Posts tagged ‘philosophies’

March 31, 2009

Class-Action

For the last two quarters, I have been working on my Master’s degree in Education.  I started taking online courses, but found they didn’t suit me for two reasons:

A) I am a very literal person, and I often found assignment criteria to be vague/non-specific and

B) I like to ask a lot of questions, and I used to facilitate this process by following my professors around and bothering them until I got the answers I needed.

Though I’ve gotten 4.0′s in all three courses taken thus far, I miss the camaraderie that comes with collaborating with other learners face to face.  I also enjoy playing the Devil’s Advocate, and that is more difficult to do in an online message-board format compared to a physical class.

I will be taking my first non-matriculated class at CWU’s Des Moines campus today at 5:00 PM.  It is with a professor of with whom I am previously acquainted with from my undergraduate studies.  The class is entitled “Education and Futurism” – a title which does not jive well with my concrete, literal sensibilities.  Are we talking about floating desks?  Textbooks that plug directly into your frontal lobe using hyper-fast USB technology?  Who knows?  I guess I will after a snag a copy of the syllabus.

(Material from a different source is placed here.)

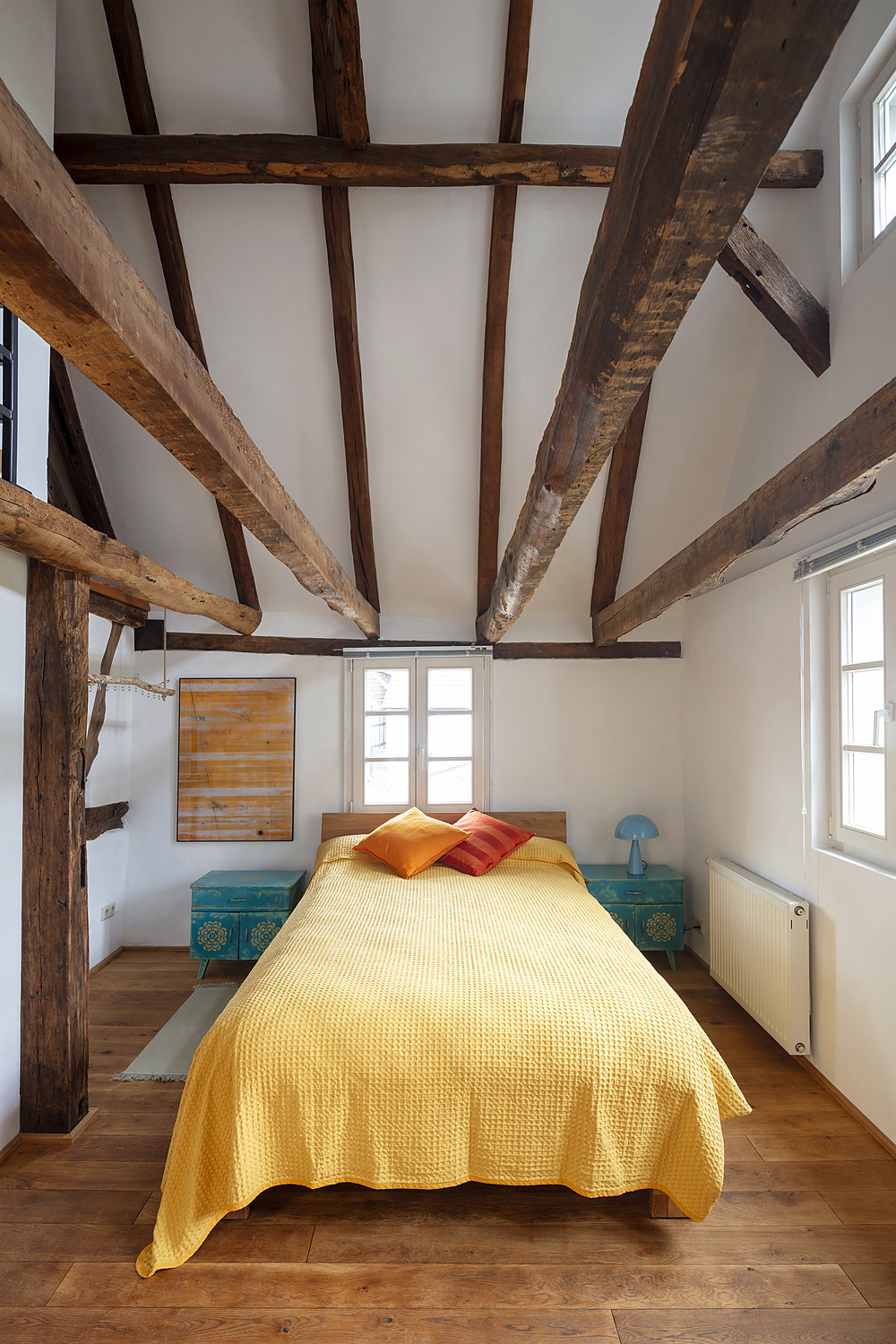 Schlafzimmer mit gelber Tagesdecke unter Fachwerkbalken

Transferring my credits over will be easy enough – unfortunately I will only get to transfer nine and not all 14 I’ve taken thus far.  I will need to work with an adviser to hammer out which of the credits will transfer, and what classes they will replace.  It’s a 45 credit program, and upon completion I will be well prepared to do proper research.  It’s not that I don’t enjoy teaching – I just want to do MORE than teach.  I want to improve teaching, and the American Educational System in general.

Some say teaching is the most noble profession; I would consider it the profession of martyrs.  Teachers have to deal with so much bureaucracy and red tape, are forced to run programs that are unproven or not supported by research, and are cloistered into secluded rooms with no support from administration or their peers.  I am lucky to work at a school that values data-driven programs, teacher collaboration, and open communication – rarities in the public school system.

My main concern with CWU’s program – one I share with my boss – is that CWU is notoriously based in the Constructivist teaching philosophy.  That is, increasing whole-learning, inquiry-based, collaborative opportunities for children.  That is fine and good when your students do not suffer from learning differences or behavioral problems and are on national grade level.  Though I received my undergraduate degree from CWU, I was always staunchly Instructivist – that is to say I believe students need to become fluent in the basics (reading, writing, math) before they should be expected to work through complex analytical projects with others.  It’s the equivalent of your dad teaching you to swim by throwing you into a pool.  For a few kids, it works.  For most kids, it scars them for life.  I am against child-scarification.